First, let me say that my intentions are good here. I keep having these thoughts that I want to write down, pictures I want to post, and all of that... but there are bottles to be washed (multiple times a day), children to feed, laundry to clean, and all kinds of other responsibilities that I'm starting to add back in to my life.
This weekend was one of emerging. As in, getting out. Of the house. It was important to me that I start doing this. The cabin fever was really beginning to set in, and I was feeling myself on the verge of total breakdown. Another important thing to me was getting back to doing normal things with Phoebe, and that does include the occasional trip out of the house.

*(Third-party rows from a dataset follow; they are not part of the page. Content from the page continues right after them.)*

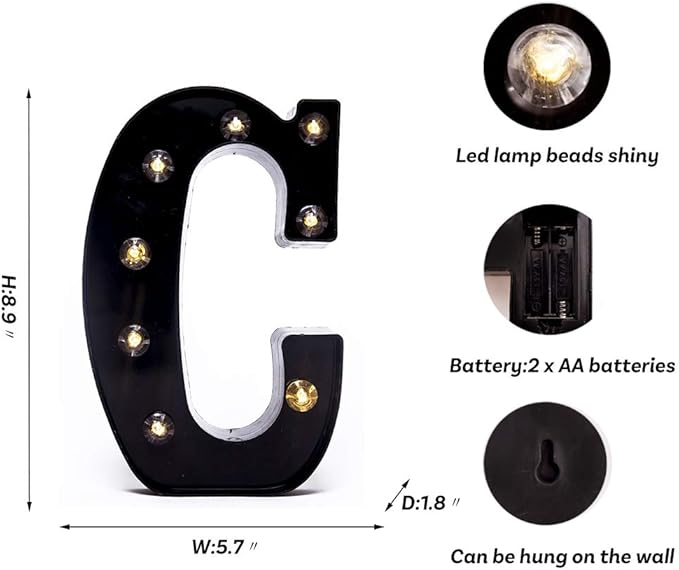 Foaky Black LED Marquee Number Lights Sign Light Up Marquee Number Lights Sign for Night Light Wedding Birthday Party Battery Powered Christmas Lamp Home Bar Decoration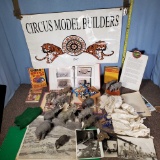 Vintage Miniature Model Circus Big Top Tent, Elephant Figurines, Circus Photos and Supplies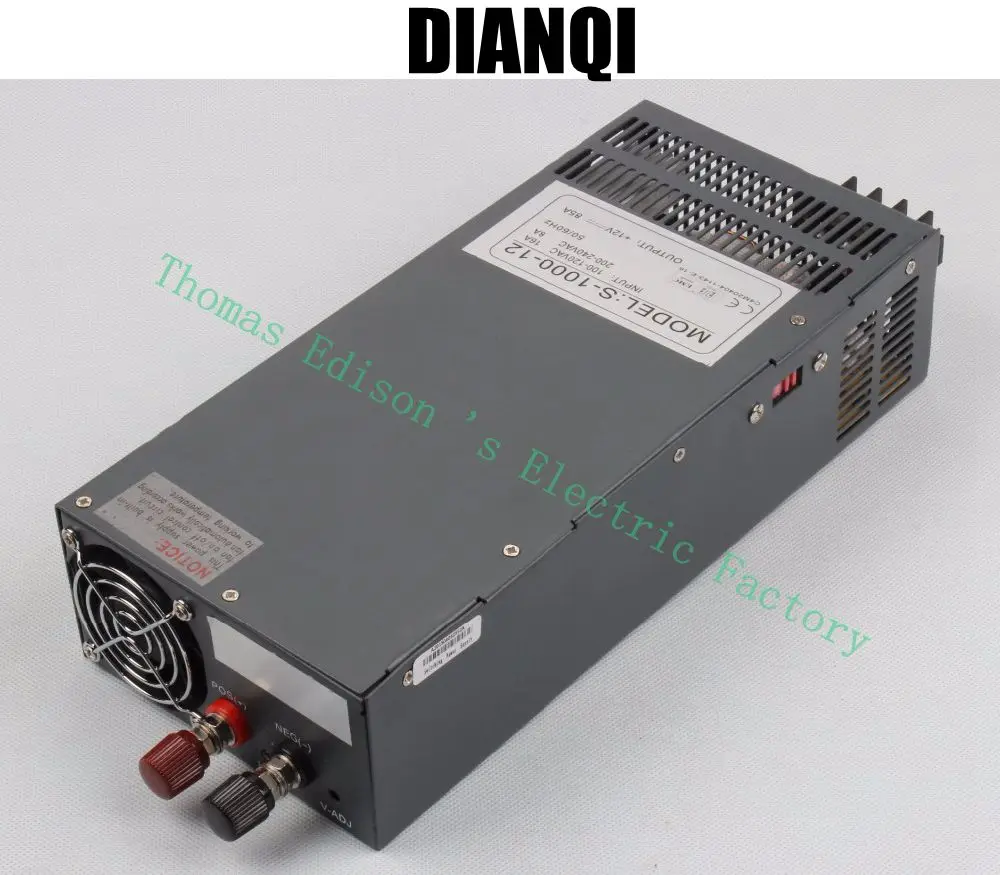 1000W 12V 80A 220V or 110V INPUT Single Output Switching power supply for LED Strip light AC to DC s-1000-12
1000W 12V 80A 220V or 110V INPUT Single Output Switching power supply for LED Strip light AC to DC s-1000-12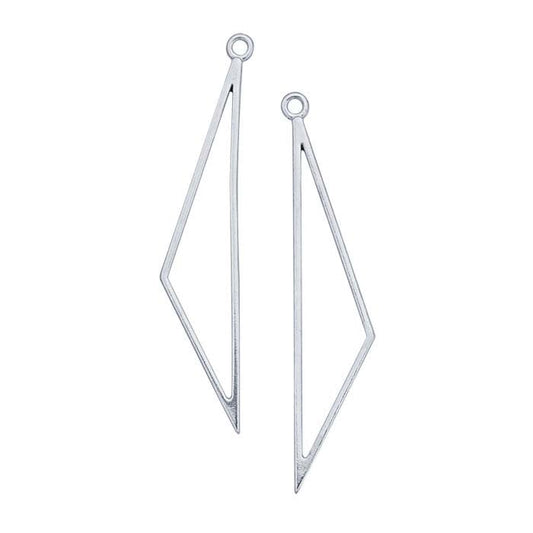 Sterling Silver Triangle Components, Facing Pair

So we started with the pumpkin patch. In spite of some middle-of-the-night festivities Friday night, we downed some coffee early Saturday morning and hit the road. We weren't sure how much fun Phoebs would have, and we just hoped that Nora would be content in the wrap for a couple of hours; we shouldn't have worried. Everyone had a blast! Phoebe loved the wide open spaces, and had a blast helping pick out a pumpkin. And Nora was content to snuggle Mommy for a couple of hours. Daddy was thrilled to dine on a funnel cake, and I was beside myself just doing something normal.
Sunday morning, we emerged again -- this time, to church. We're being more careful with Nora than we were with Phoebe, since it's flu season and we don't want to head back to Children's. Still, we were able to find a spot in the balcony and enjoy worship and fellowship. It was so good to be back in church. We also had LIFE group at our house again last night, and it was really wonderful to connect again. I think one of the most frustrating things these past few weeks has been the isolation I've felt.
And then today, we emerged... this time without the help of Michael. I had tried last week to take the girls to the grocery store, and we didn't get out of the parking lot. Today, the grocery trip was non-negotiable. Determined to get back to normal and to just do it, we survived our first grocery trip. I struggled with the wrap, so I meandered the aisles with one hand on Nora's bottom and one hand on the cart... but we made it. I totally bought Phoebe a grocery store board book as a treat. It felt good just to get through that first time.
We're continuing to adjust, and every day is bringing new challenges. But I'm hoping that sooner or later, we'll emerge into a state of "normal". It gets a little easier every day!